The reason? “Everybody went on holidays the next day,” says Frank Addario, the lawyer for former Clerk of the Privy Council Michael Wernick in a statement to the Star.
That explanation comes a day after the House of Commons Justice committee released bombshell audio of Wilson-Raybould and Wernick in a Dec. 19 phone call that lasted 17 minutes. Trudeau has claimed he didn’t know about the controversial exchange.
“The clerk raised the issue with the AG as part of his job to manage relations between the PM and his cabinet ministers,” said Addario. “When everyone returned at the beginning of January, the first burning issue was the (Scott) Brison resignation and a cabinet shuffle. The SNC issue never made it back to the top of the discussion list.”

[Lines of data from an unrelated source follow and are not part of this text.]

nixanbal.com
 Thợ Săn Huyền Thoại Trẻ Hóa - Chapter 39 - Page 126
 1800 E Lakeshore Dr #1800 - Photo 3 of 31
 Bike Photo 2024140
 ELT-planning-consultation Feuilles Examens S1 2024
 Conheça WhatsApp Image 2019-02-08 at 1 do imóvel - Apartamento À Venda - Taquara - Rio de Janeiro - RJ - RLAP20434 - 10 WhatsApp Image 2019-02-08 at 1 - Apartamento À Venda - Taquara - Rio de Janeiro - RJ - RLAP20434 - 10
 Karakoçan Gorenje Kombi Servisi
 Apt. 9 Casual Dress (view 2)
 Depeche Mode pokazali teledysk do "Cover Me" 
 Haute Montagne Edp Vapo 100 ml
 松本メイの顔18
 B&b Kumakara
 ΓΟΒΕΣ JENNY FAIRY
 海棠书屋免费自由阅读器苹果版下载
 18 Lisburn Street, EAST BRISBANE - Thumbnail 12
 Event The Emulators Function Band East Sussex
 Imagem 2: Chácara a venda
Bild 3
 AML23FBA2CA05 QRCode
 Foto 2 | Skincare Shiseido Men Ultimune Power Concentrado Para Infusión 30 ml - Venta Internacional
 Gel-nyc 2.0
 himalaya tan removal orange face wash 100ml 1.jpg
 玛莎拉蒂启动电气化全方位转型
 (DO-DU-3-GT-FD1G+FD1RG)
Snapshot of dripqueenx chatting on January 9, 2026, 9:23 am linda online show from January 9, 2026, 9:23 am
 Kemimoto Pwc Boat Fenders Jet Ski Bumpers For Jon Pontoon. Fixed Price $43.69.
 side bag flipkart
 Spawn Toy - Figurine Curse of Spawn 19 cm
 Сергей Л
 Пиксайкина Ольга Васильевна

Brison, a Liberal MP, abruptly resigned from his role as president of the Treasury Board after representing the Nova Scotia riding of Kings-Hants for 22 years.
In the taped, confrontational conversation, Wilson-Raybould repeatedly warns Wernick that the prime minister and his officials were engaging in political interference with the SNC-Lavalin prosecution. The conversation ends with Wernick warning Wilson-Raybould that he was concerned about reaction from the Prime Minister over her handling of the case.
Wilson-Raybould had refused to intervene in the corruption trial of the Quebec-based company and to negotiate a remediation agreement. The agreement would have allowed the engineering firm to avoid a criminal trial.
“It is entirely inappropriate and it is political interference,” she told Wernick in their conversation.
However, Wernick’s lawyer said the high-stakes standoff between the two was not reported to the prime minister.
“The Clerk never discussed SNC again with the PM or PMO until someone leaked the story to the Globe and Mail in early February,” said Addario.
Wilson-Raybould’s secret taping of the discussion without Wernick’s knowledge has also come under fire from some members of the legal community who say it raises ethical questions.
The preliminary inquiry into the bribery and fraud case against SNC-Lavalin resumes Monday, April 1, with defence submissions to be made.